== What the task asks ==
Leaving out the pictures, please reproduce exactly and only the lines from the one that contains "Sterling Silver Square" through the last line below.

== Records from a data source ==
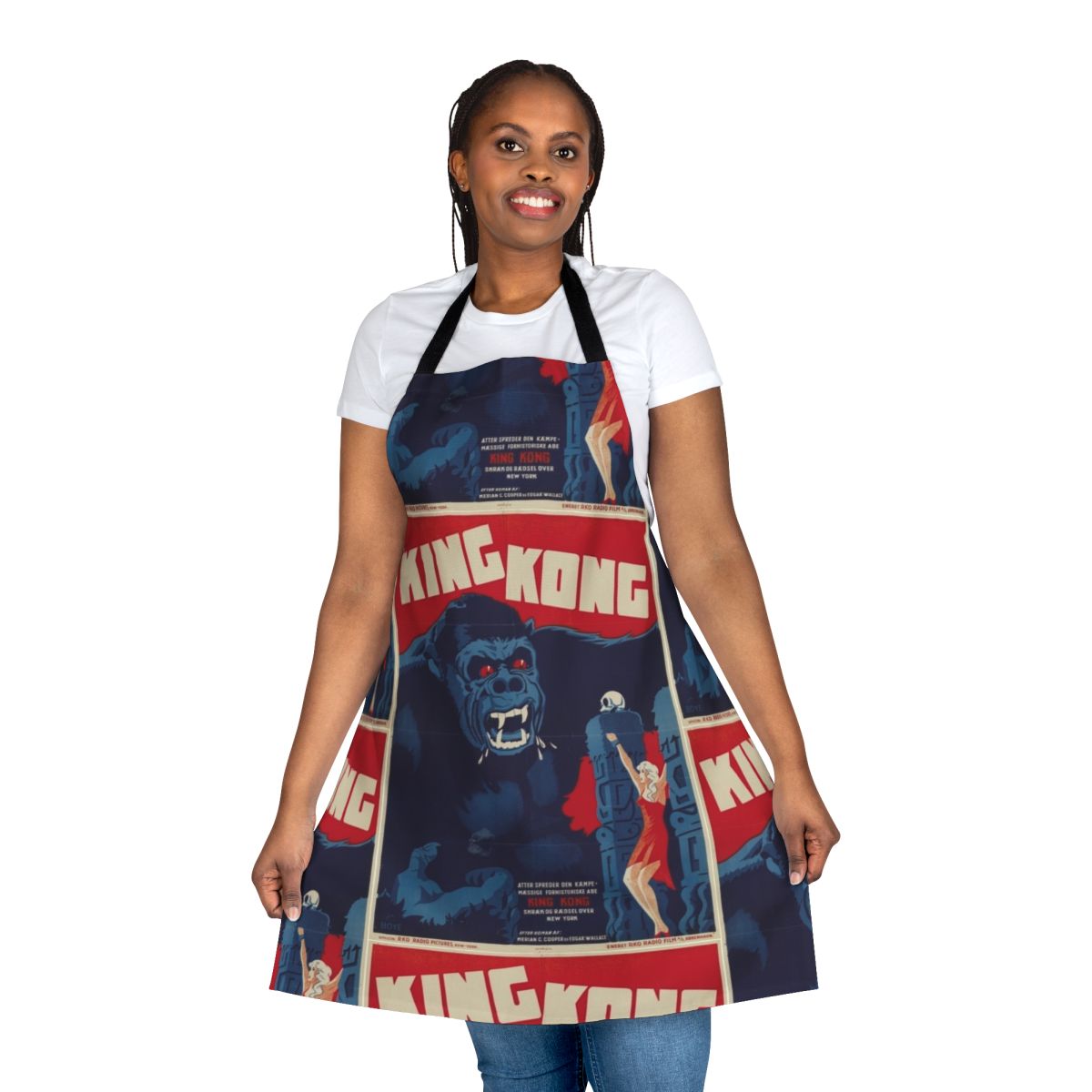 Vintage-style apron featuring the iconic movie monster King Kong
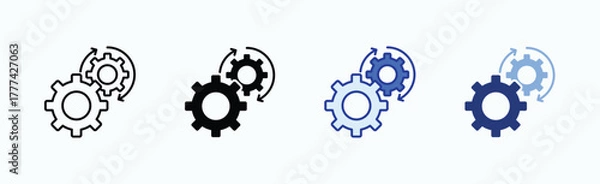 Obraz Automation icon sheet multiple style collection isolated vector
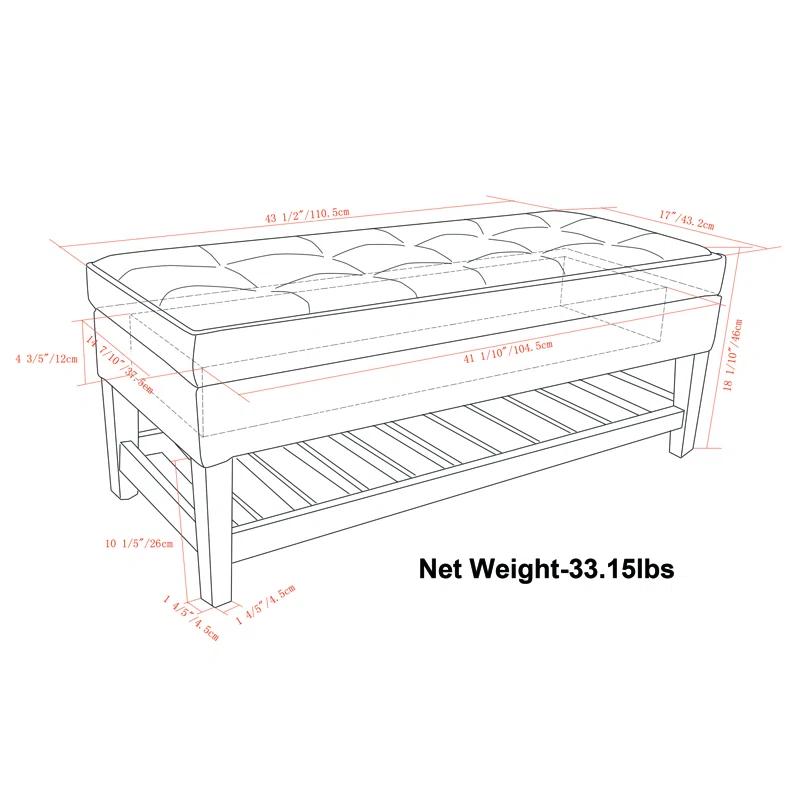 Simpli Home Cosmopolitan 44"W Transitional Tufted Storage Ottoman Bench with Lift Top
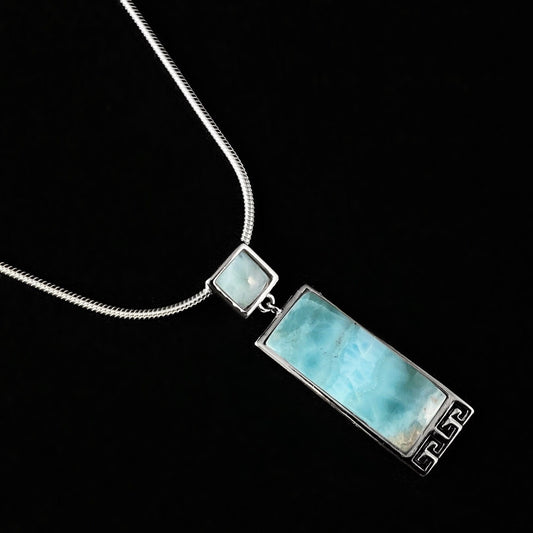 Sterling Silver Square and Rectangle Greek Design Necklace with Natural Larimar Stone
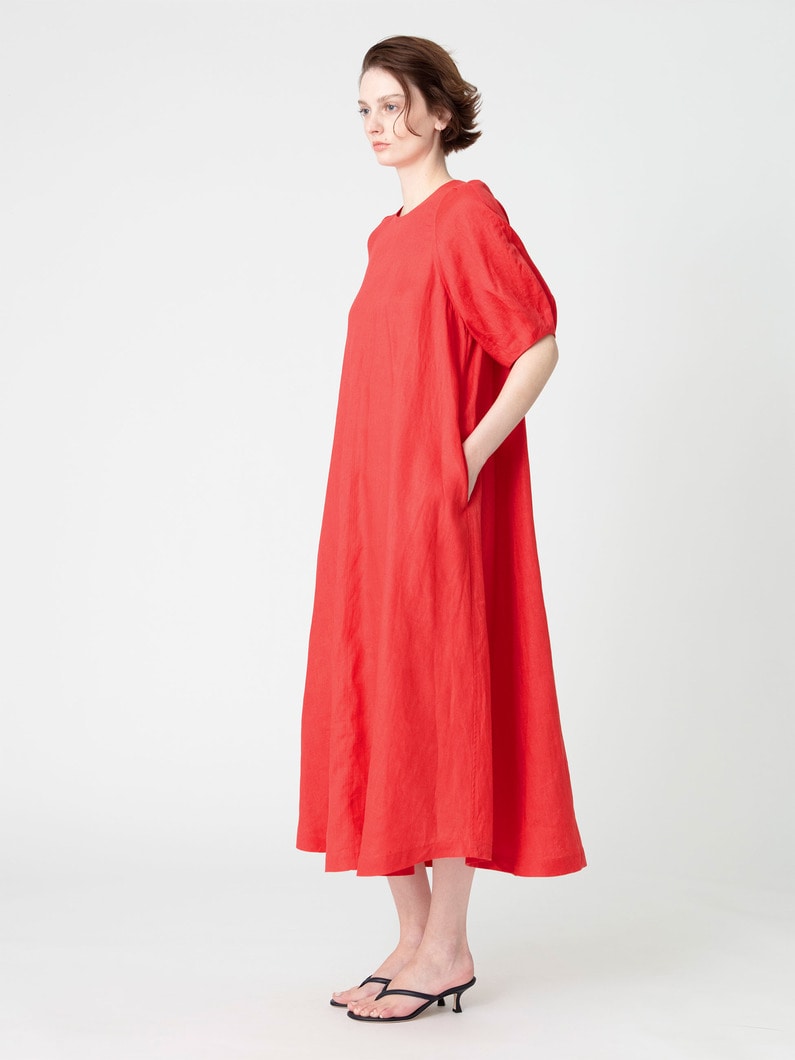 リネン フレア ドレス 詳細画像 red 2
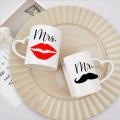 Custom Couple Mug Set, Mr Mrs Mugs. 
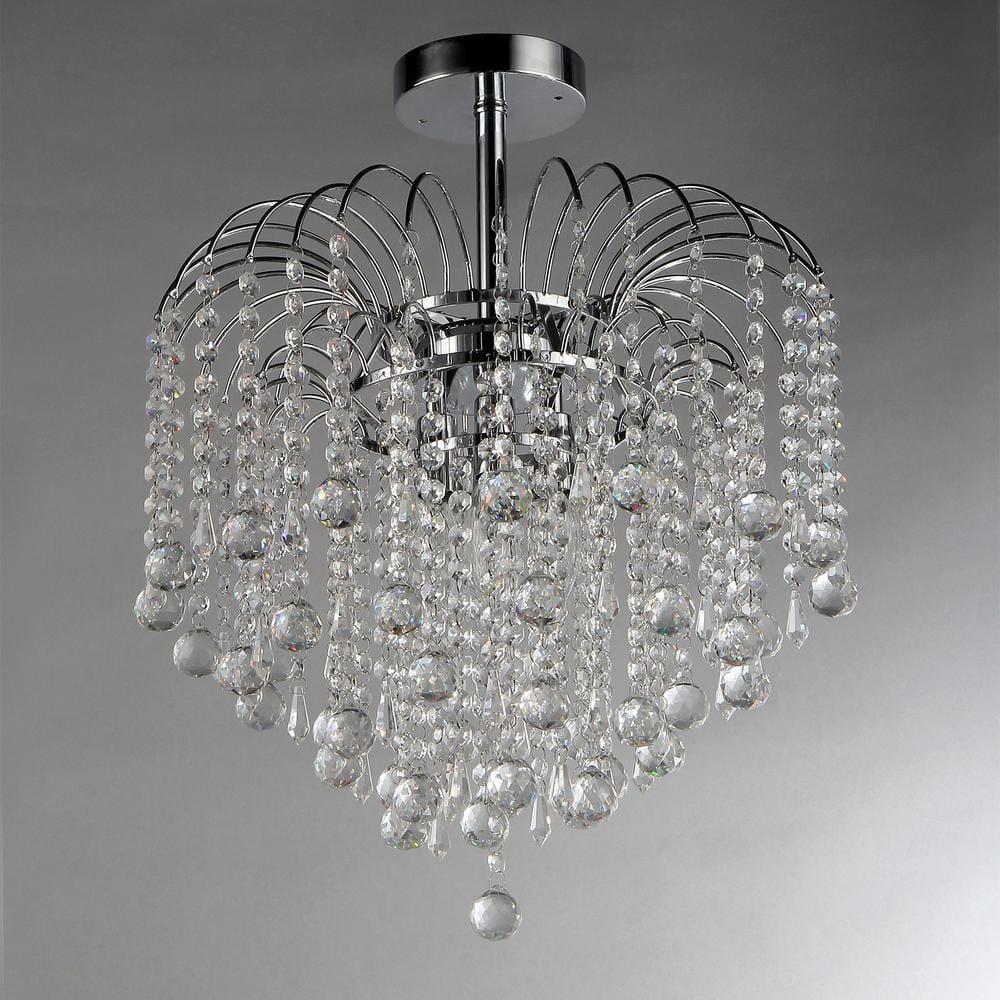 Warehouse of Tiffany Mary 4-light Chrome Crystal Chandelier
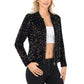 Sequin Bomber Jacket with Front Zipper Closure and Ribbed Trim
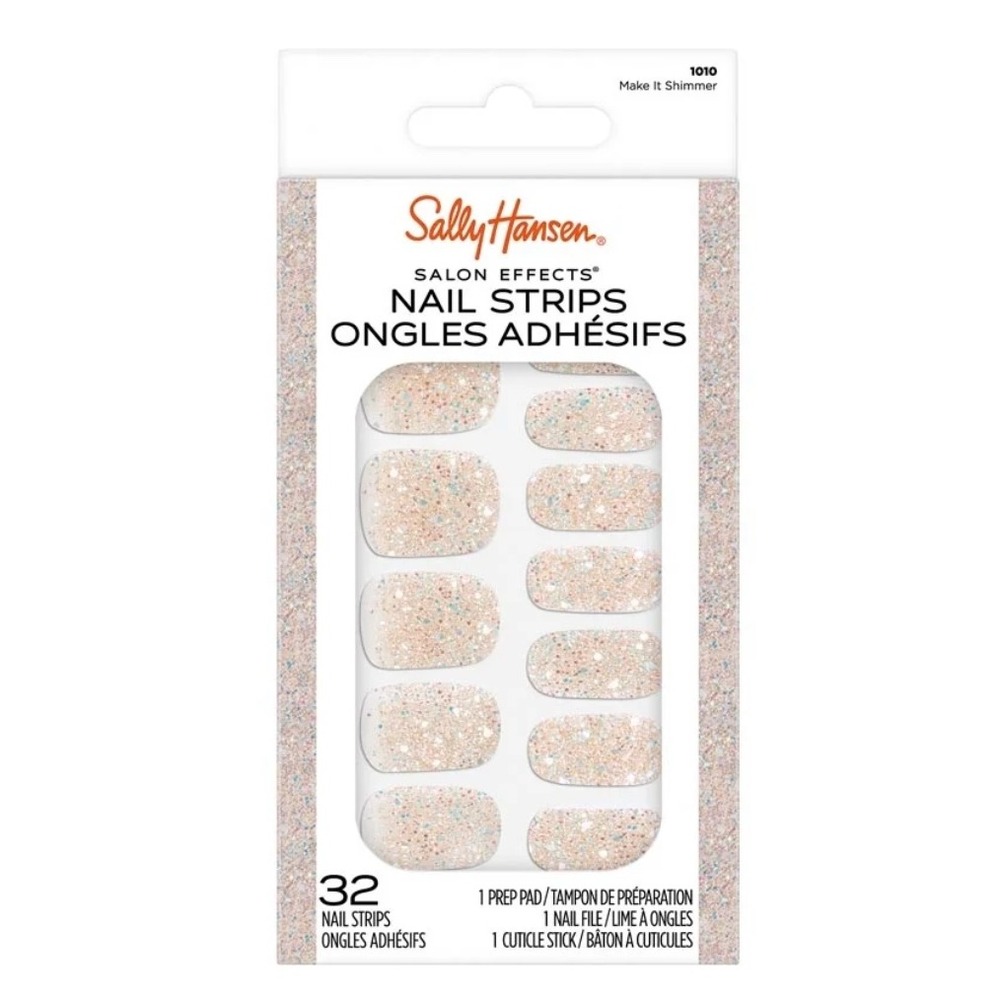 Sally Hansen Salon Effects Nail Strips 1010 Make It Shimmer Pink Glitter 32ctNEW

== Exercise response ==
 Sterling Silver Square and Rectangle Greek Design Necklace with Natural Larimar Stone
 リネン フレア ドレス 詳細画像 red 2
 Custom Couple Mug Set, Mr Mrs Mugs. 
 Warehouse of Tiffany Mary 4-light Chrome Crystal Chandelier
 Sequin Bomber Jacket with Front Zipper Closure and Ribbed Trim
 Sally Hansen Salon Effects Nail Strips 1010 Make It Shimmer Pink Glitter 32ctNEW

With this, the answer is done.